▶ **Data supplied**
- Opening Delimiter -

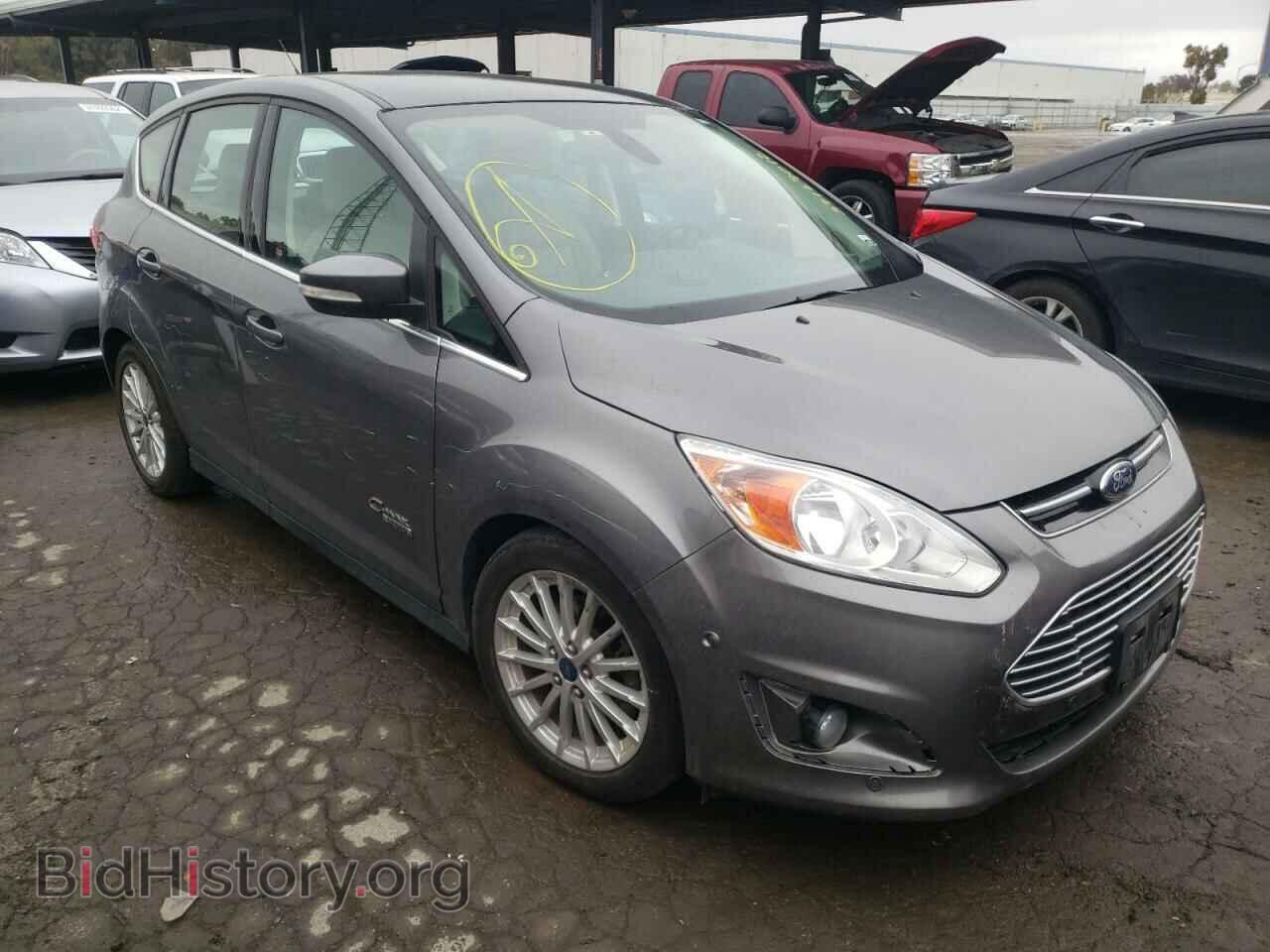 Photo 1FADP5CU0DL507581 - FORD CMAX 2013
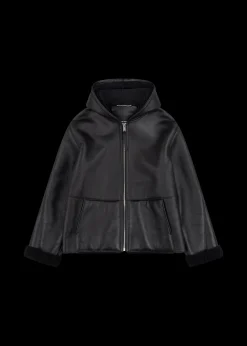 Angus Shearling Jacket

- Closing Delimiter -
- Opening Delimiter -

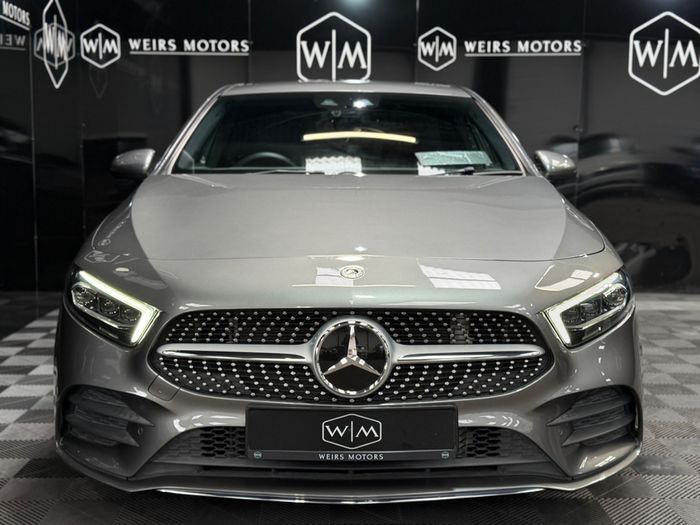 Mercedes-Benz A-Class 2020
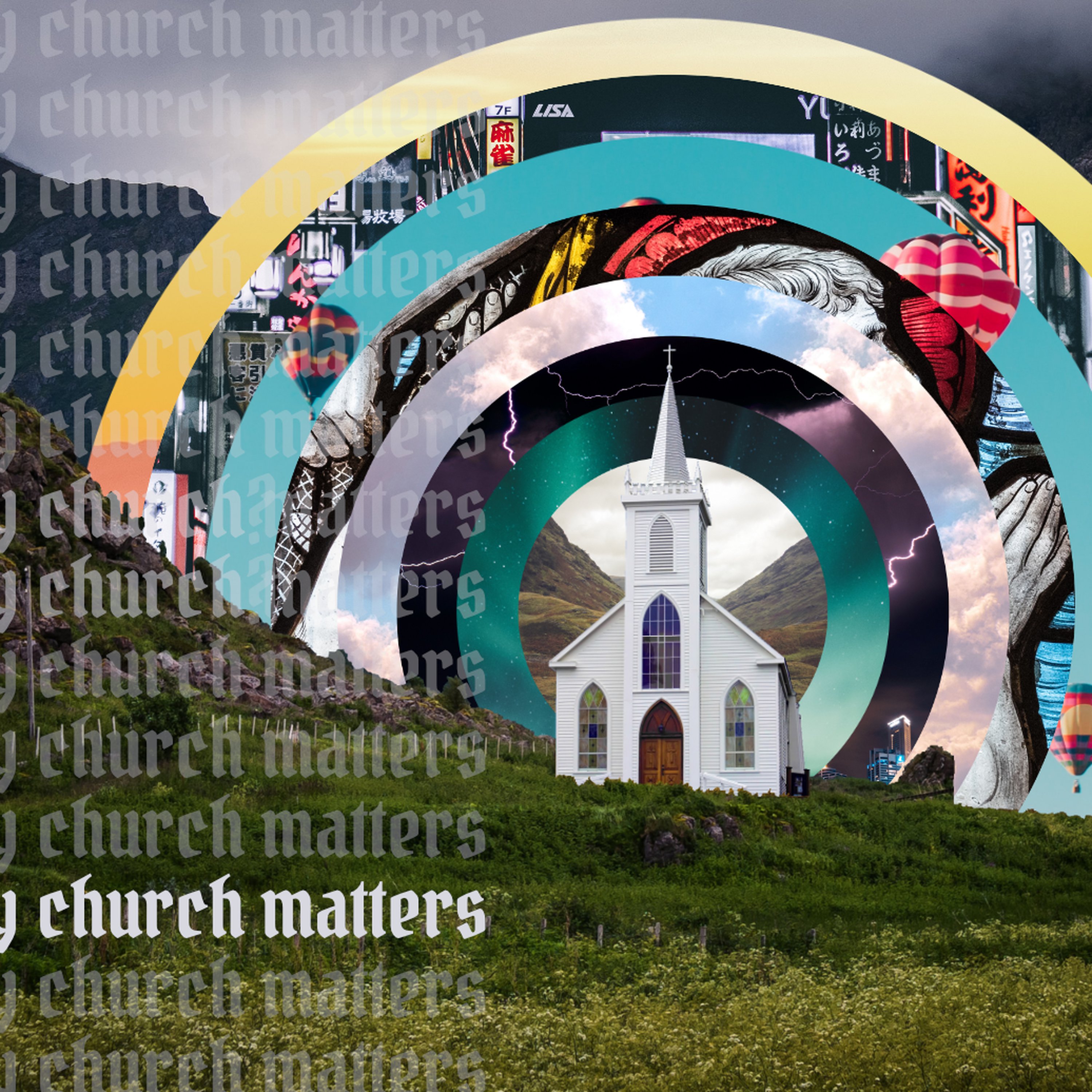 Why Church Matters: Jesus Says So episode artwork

- Closing Delimiter -

▶ **Exercise goal**
Look above for the line with "Mercedes-Benz A-Class 2020" and the line with "Why Church Matters: Jesus", then copy them and all lines in between exactly as written, and only those, without any pictures.

▶ **Completed task**
 Mercedes-Benz A-Class 2020
 Why Church Matters: Jesus Says So episode artwork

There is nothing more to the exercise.